No Brasil, a estimativa é que 60% dos casos são diagnosticados tardiamente, quando os danos no olho, na visão e na saúde são irreversíveis. Para fazer um alerta à sociedade sobre a importância de se detectar precocemente o retinoblastoma, foi criado, em 2012, o Dia Nacional de Conscientização e Incentivo ao Diagnóstico Precoce do Retinoblastoma: 18 de setembro. A data reforça a importância de começar a cuidar dos olhos das crianças desde cedo. 

A boa notícia é que se a condição for diagnosticada no início, as chances de cura são bem grandes.
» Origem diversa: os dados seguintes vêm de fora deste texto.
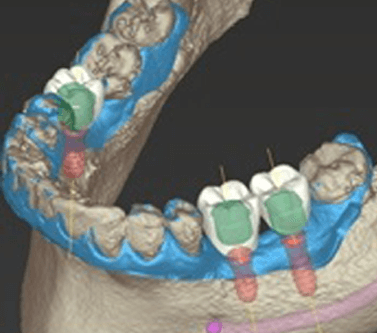 Dental implant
Segundo a Sociedade de Pediatria do Estado do Rio de Janeiro (Soperj), em sistemas de saúde desenvolvidos, quando o diagnóstico é precoce, há uma expectativa de sobrevida em 98% dos casos, sendo em 90% com preservação do globo ocular e em 80% com preservação da visão. Isso explica a importância de datas como o 18 de setembro para disseminar conhecimento sobre a condição e incentivar o diagnóstico precoce. Para isso, é fundamental que os pais levem os bebês ao oftalmologista.

‘Olho de gato’ é principal sinal a ser observado

O retinoblastoma – como o nome sugere – é um tumor que se forma na retina e 95% dos casos ocorrem em crianças de até 5 anos. A maioria dos casos de retinoblastoma se manifesta em apenas um dos olhos. Porém, um percentual de 30% a 40% afetam os dois. A doença pode surgir também por hereditariedade, o que ocorre em aproximadamente 40% dos casos.

A doença se desenvolve na retina, estrutura de tecido neural responsável por detectar a luz e enviar para o cérebro para podermos enxergar. Eventualmente, durante a multiplicação, as células formam um tumor, que se espalha dentro e ao redor do olho (de forma unilateral ou bilateral), ou até mesmo para outras partes do corpo, incluindo o cérebro e a coluna.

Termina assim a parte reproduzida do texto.